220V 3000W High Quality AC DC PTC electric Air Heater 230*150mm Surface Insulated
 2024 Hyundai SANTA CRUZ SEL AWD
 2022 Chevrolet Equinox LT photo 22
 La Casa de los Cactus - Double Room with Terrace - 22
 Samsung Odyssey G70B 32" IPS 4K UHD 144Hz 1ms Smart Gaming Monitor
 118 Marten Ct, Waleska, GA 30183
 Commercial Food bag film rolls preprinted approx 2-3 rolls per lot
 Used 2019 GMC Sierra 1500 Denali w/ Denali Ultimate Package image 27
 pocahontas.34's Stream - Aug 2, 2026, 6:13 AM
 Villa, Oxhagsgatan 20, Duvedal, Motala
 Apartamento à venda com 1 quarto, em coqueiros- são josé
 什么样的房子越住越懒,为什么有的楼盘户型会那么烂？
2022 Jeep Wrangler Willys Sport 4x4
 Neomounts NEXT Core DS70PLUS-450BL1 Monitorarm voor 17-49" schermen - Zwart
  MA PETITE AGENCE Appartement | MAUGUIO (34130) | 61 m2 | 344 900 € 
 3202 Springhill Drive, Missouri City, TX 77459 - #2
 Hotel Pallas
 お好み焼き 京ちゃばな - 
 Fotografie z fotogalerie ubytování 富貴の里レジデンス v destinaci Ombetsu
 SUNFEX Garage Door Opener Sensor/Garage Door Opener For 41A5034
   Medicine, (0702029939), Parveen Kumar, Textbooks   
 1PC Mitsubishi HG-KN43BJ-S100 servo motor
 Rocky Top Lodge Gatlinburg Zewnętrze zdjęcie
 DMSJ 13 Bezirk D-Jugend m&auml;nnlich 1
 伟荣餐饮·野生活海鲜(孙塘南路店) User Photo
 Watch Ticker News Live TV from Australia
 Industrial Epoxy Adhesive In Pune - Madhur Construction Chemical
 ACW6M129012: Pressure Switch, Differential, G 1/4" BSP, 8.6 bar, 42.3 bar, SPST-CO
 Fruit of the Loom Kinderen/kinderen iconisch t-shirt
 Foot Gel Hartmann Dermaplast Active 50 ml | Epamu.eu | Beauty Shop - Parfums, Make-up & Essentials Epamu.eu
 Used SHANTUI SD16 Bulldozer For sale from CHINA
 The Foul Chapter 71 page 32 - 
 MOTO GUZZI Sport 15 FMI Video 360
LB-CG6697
◆ ◆ ◆ ◆ ◆
Starting with the line above that holds "Used 2019 GMC" and stopping with the line that holds "Watch Ticker News Live TV from Australia", reproduce each line exactly, omitting all other lines.

▶ **RESPONSE TO THIS EXERCISE**:
 Used 2019 GMC Sierra 1500 Denali w/ Denali Ultimate Package image 27
 pocahontas.34's Stream - Aug 2, 2026, 6:13 AM
 Villa, Oxhagsgatan 20, Duvedal, Motala
 Apartamento à venda com 1 quarto, em coqueiros- são josé
 什么样的房子越住越懒,为什么有的楼盘户型会那么烂？
2022 Jeep Wrangler Willys Sport 4x4
 Neomounts NEXT Core DS70PLUS-450BL1 Monitorarm voor 17-49" schermen - Zwart
  MA PETITE AGENCE Appartement | MAUGUIO (34130) | 61 m2 | 344 900 € 
 3202 Springhill Drive, Missouri City, TX 77459 - #2
 Hotel Pallas
 お好み焼き 京ちゃばな - 
 Fotografie z fotogalerie ubytování 富貴の里レジデンス v destinaci Ombetsu
 SUNFEX Garage Door Opener Sensor/Garage Door Opener For 41A5034
   Medicine, (0702029939), Parveen Kumar, Textbooks   
 1PC Mitsubishi HG-KN43BJ-S100 servo motor
 Rocky Top Lodge Gatlinburg Zewnętrze zdjęcie
 DMSJ 13 Bezirk D-Jugend m&auml;nnlich 1
 伟荣餐饮·野生活海鲜(孙塘南路店) User Photo
 Watch Ticker News Live TV from Australia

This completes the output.